"Is grandpa in heaven now?" (death in the immediate vicinity)

"Is grandpa in heaven now?" (death in the immediate vicinity)

How do I tell my child that a loved one has passed away?

Death is a topic that we want to keep away from children for as long as possible, or rather we would prefer to leave it out completely. This is often due to the uncertainty of how to package such a difficult topic in a way that is child-friendly. However, this topic is particularly exciting for children and above all, unfortunately, we cannot protect them completely from it. It also lays the foundation for how children deal with loss and grief later in life. Questions naturally arise, how do I explain the death to my child or how do I tell my child that a loved one has passed away? And how does my child deal with the grief or how do children actually grieve? This article is about this delicate issue.

Children often come into contact with the subject of death at an early age. In a fairy tale, through friends, through dead insects and wild animals they perceive in their environment, through a deceased pet.

First, let's deal with the question, how does a child understand death? Basically, depending on their age, children deal with the topic in completely different ways. Children of preschool age usually hardly understand that death is something final and can no longer be reversed. This is because children at this age do not yet have a strong understanding of time and duration. For her, death is something like a long sleep from which the deceased will eventually wake up or come back. As a rule, children between the ages of six and nine develop an understanding of death.

Here are a few tips on how to deal with this difficult and stressful topic.

Soft the questions from your child not enough, it is completely normal and understandable that your child is curious and has many questions about this topic. Answer every question your child has, books can help. give to your child simple and short answers, it makes no sense to explain a long and severe course of the disease to your child. That would only overwhelm your child. Instead, you can explain to him that the bodily functions stopped working, "Grandpa's body stopped working, his heart stopped beating, he couldn't breathe, walk, eat, speak.". Hold those too reasons for death as direct and clear as possible “Grandpa was old, his body didn't work anymore. The body was tired from living so long.”

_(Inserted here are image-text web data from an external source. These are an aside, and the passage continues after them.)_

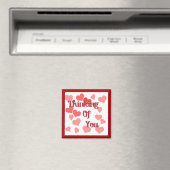 Weinig hart denken aan jou magneet (Insitu (Vaatwasser))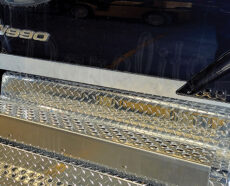 PAINTABLE EXTENDED CAB PANELS - DUAL EXHAUST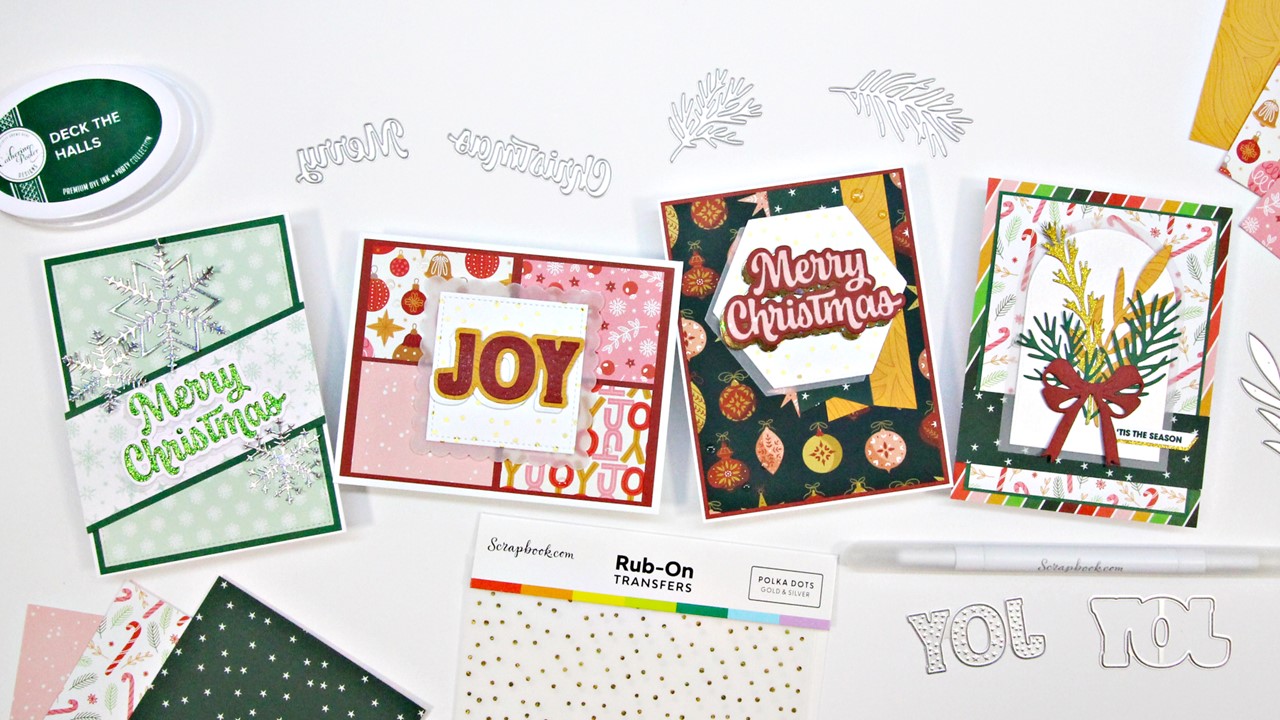 Scrapbook.com | Holiday Paper Pad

 Show your own emotions. Grief is an important part of healing. Explain to your child that adults are also sad, sometimes cry and miss the deceased too. Your child will notice that you are not doing well and will be very insecure if they do not know the reason. Of course it's better for your child if you don't break down completely in front of him, but you can't and don't have to plan and control your feelings. If the tears flow with you too, it is important to explain them to your child, "I just miss grandpa a lot - and crying then does quite well, later I'll feel better again."

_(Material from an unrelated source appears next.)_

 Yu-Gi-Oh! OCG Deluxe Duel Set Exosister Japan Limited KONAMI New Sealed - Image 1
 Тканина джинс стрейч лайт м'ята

Avoid euphemisms (euphemistic descriptions), of course you want to protect your child and it sounds nicer or more harmless to say that grandpa is now sleeping forever. But it is important that you name dying and death directly, otherwise children may develop fears that when they fall asleep they will also "sleep forever".

Depending on yours of course Religion, before that, think about how you talk about God and heaven. Statements like "grandpa was a good person, that's why he's in heaven now" could trigger insecurities and fears in your child, what if grandpa wasn't a good person? You should formulate such statements like this: "Of course we miss grandpa here a lot, but we know that he is in heaven now and that he is doing well there." This will comfort your child because it now knows that his beloved grandpa is too when he is no longer among the living is fine. With small children that is symbol of heaven as a final resting place, quite apart from religion, often makes sense and is more tangible. Trying to explain to a preschooler that there is nothing after death or that everything is over is difficult and absolutely incomprehensible for your child. You can also explain to your child, some people believe this and that, others that, but no one knows for sure.

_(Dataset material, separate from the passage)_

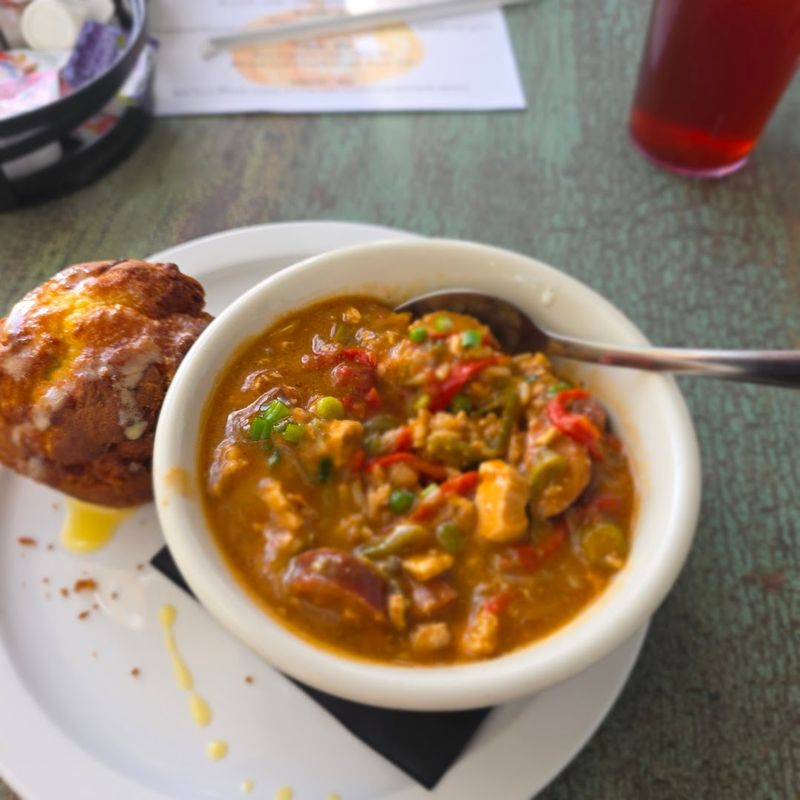 Gumbo Loaded Enough to Be a Meal on Its Own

 If you have several children, it is best to tell them together, even if there is a large age difference. In such situations is just the family cohesion important. In addition, siblings can support each other in such difficult situations. You can talk to your older children separately afterwards if you see a need there.

It is important that your child definitely gets the chance to learn from the deceased say goodbye. For example, your child can draw a picture for the deceased and think about which flowers to put on the grave. If possible, take your child to the funeral if it was a close relative. Beforehand, of course, it should be explained what happens at a funeral.

We wish you a lot of strength for the upcoming time!